What you should do: Look below for lines that hold the string "illustration" and copy each one.

Supplied records:
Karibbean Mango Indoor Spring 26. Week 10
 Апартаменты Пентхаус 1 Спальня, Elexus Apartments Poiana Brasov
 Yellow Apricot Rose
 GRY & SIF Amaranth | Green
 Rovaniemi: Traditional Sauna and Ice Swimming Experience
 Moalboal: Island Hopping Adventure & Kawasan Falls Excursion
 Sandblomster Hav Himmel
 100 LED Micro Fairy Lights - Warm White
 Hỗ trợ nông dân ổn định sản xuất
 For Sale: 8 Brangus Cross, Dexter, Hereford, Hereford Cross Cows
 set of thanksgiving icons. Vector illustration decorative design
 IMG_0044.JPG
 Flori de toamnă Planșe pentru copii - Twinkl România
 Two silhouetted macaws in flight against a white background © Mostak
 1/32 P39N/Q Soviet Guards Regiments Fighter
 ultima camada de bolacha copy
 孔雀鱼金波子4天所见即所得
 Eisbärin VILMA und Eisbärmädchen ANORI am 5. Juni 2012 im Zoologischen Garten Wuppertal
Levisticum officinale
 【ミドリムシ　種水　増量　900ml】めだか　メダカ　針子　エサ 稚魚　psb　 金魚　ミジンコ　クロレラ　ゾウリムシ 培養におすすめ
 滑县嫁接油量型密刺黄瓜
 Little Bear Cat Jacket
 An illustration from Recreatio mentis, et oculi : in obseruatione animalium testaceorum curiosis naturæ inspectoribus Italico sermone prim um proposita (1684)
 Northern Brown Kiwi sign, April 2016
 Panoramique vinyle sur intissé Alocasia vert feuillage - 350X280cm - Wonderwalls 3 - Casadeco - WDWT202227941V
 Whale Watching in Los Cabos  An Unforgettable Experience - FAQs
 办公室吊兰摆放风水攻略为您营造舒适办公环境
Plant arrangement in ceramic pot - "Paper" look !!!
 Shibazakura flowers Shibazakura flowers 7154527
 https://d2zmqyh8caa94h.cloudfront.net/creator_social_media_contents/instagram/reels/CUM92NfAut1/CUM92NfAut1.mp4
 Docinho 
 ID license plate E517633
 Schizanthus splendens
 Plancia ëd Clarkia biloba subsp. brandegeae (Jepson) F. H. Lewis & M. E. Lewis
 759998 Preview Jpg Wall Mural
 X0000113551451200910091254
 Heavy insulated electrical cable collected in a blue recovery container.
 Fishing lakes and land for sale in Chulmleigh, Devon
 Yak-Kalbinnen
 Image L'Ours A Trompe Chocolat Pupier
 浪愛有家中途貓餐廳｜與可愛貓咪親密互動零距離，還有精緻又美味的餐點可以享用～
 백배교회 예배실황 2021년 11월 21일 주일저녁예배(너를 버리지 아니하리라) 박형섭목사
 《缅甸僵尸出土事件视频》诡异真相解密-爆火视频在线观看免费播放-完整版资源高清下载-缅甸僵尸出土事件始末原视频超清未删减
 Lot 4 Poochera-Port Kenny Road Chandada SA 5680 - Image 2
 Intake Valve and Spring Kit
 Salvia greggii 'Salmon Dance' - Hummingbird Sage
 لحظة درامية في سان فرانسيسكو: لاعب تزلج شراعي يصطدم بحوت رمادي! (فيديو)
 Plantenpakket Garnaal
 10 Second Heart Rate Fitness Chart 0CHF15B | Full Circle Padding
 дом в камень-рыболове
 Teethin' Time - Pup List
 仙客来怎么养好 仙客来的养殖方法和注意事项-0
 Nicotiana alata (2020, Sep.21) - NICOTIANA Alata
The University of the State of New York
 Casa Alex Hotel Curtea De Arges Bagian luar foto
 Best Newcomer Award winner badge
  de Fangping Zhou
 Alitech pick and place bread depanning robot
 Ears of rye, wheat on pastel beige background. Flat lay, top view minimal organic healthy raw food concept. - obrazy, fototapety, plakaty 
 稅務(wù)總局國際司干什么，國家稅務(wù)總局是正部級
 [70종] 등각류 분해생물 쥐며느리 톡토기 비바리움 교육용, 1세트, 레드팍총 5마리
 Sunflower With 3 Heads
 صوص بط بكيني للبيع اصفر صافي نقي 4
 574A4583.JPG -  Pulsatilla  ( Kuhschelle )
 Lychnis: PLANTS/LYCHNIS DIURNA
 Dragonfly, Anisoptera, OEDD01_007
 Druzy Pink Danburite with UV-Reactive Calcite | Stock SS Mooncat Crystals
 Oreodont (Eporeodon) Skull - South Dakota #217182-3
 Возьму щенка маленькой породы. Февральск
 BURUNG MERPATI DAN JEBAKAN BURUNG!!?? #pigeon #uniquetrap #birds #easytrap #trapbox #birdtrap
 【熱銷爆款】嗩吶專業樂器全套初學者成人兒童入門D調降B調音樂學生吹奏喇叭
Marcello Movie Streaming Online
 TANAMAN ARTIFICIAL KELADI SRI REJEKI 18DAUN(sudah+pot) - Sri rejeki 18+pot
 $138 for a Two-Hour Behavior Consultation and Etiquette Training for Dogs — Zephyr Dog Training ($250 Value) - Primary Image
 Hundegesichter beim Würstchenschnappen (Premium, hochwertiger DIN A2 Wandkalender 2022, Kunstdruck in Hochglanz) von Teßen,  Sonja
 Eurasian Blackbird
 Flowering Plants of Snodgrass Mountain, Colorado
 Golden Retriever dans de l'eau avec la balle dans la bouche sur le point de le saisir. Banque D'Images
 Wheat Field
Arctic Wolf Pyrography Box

Written solution:
 set of thanksgiving icons. Vector illustration decorative design
 An illustration from Recreatio mentis, et oculi : in obseruatione animalium testaceorum curiosis naturæ inspectoribus Italico sermone prim um proposita (1684)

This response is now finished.